Another week, another set of controversies in the Trump Administration. The week closed with the resignation of White House Press Secretary Sean Spicer, the naming of a new communications director, and continued friction between the President and Attorney General Jeff Sessions.

That all came on the heels of President Trump’s trip to Europe for the G20 Summit - a trip that dominated headlines. But it was the lack of dominance on the part of the U.S. that drove the media frenzy back home, a departure from previous summits where American presidents drove much of the discourse.

While that might sound like bad news, Lake Effect Foreign Policy Contributor, Art Cyr, says the waning influence of the U.S. might be good for international affairs overall.

"Given the fact that President Trump is unpredictable and has been critical of international organizations and cooperation, others loom larger and that's all to the good."

"Well, given the fact that President Trump is unpredictable and has been critical of international organizations and cooperation, others loom larger and that's all to the good," says Cyr. "I don't think it's good for anyone in human terms or in structural and policy terms, for one, enormous country to dominate everything in international affairs."

During the summit, President Trump met with Russian President Vladimir Putin, at least twice (one initially undisclosed by The White House). The two leaders brokered a peace agreement in southwest Syria. Subsequently, the CIA ended a program providing material support to rebels in Syria.

Some considered the move a "win" for Russia, but Cyr believes the CIA was right to end the program, and contests the idea that this move will just benefit Russia. 

"The rebels were not a coherent or cohesive group. None of them - either ISIS or anti-ISIS - was committed to the kind of representative government that we support."

"The rebels were not a coherent or cohesive group," Cyr says. "None of them - either ISIS or anti-ISIS - was committed to the kind of representative government that we support. And I think basically we're making mischief when we arm hostile groups that aren't going to win, that don't share our values at all. So to me it makes sense," says Cyr. 

He adds, "There's not only U.S. and Russian aircraft in the vicinity, but also Turkish aircraft, Israeli aircraft - it's a recipe for accidental war and I think this will facilitate closer and more positive collaboration among the militaries involved." 

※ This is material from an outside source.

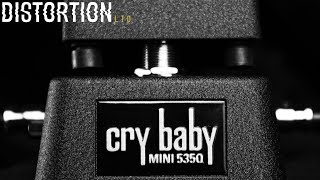 Distortion Ltd. In Focus: Dunlop Cry Baby Mini 535Q Wah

Arthur I. Cyr is Director of the Clausen Center for World Business and Clausen Distinguished Professor at Carthage College in Kenosha. Previously he was President of the Chicago World Trade Center, the Vice President of the Chicago Council on Foreign Relations, a faculty member and executive at UCLA, and an executive at the Ford Foundation. His publications include the book After the Cold War - American Foreign Policy, Europe and Asia (Macmillan and NYU Press).